= Your objective =
Pictures aside, copy exactly the lines running from the one with "this 1092×1092 image." to the end of the records.

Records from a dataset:
>>>

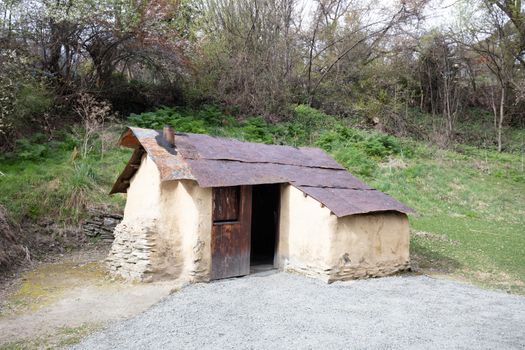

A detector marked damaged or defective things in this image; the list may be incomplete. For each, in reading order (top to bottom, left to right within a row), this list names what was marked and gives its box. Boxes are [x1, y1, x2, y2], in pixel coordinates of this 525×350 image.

rusted metal panel [210, 185, 251, 280]
rusty corrugated metal roof [111, 126, 414, 216]
rusted metal panel [111, 127, 414, 216]
rusted metal panel [294, 185, 414, 217]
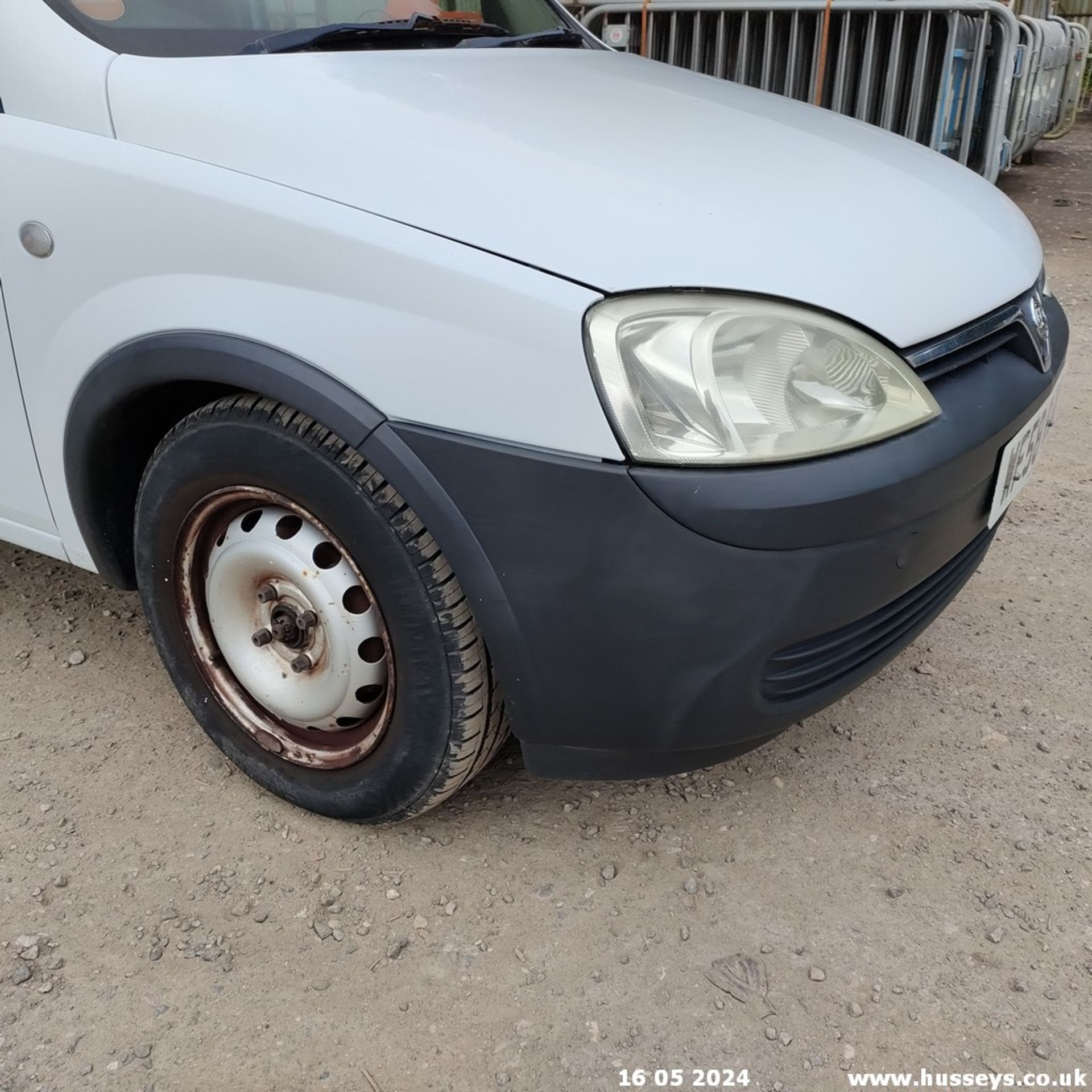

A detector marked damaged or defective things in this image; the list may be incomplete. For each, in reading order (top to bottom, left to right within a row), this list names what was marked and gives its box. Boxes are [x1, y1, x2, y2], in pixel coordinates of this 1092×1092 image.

rusty steel wheel [180, 487, 396, 769]
rusty steel wheel [134, 394, 510, 819]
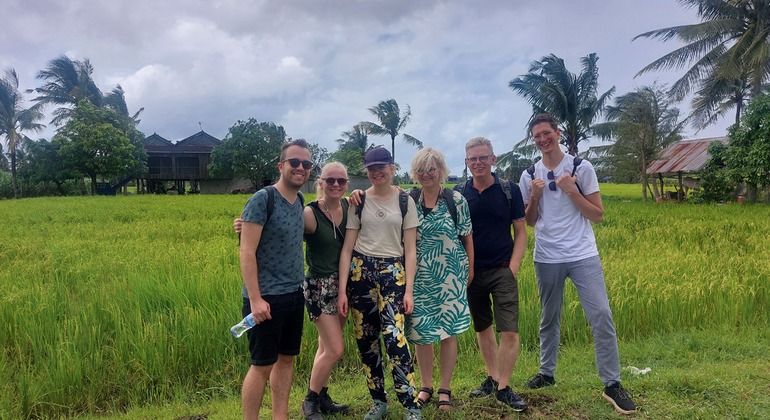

<<<

= Response =
A detector marked damaged or defective things in this image; the list may be incomplete. For each, in reading order (top to bottom, left to right within a row), this list names what was marked and gives its box. Boxes are [x1, y1, x2, y2], in pixel coordinates of this 1092×1092 image.

rusty steel wheel [180, 487, 396, 769]
rusty steel wheel [134, 394, 510, 819]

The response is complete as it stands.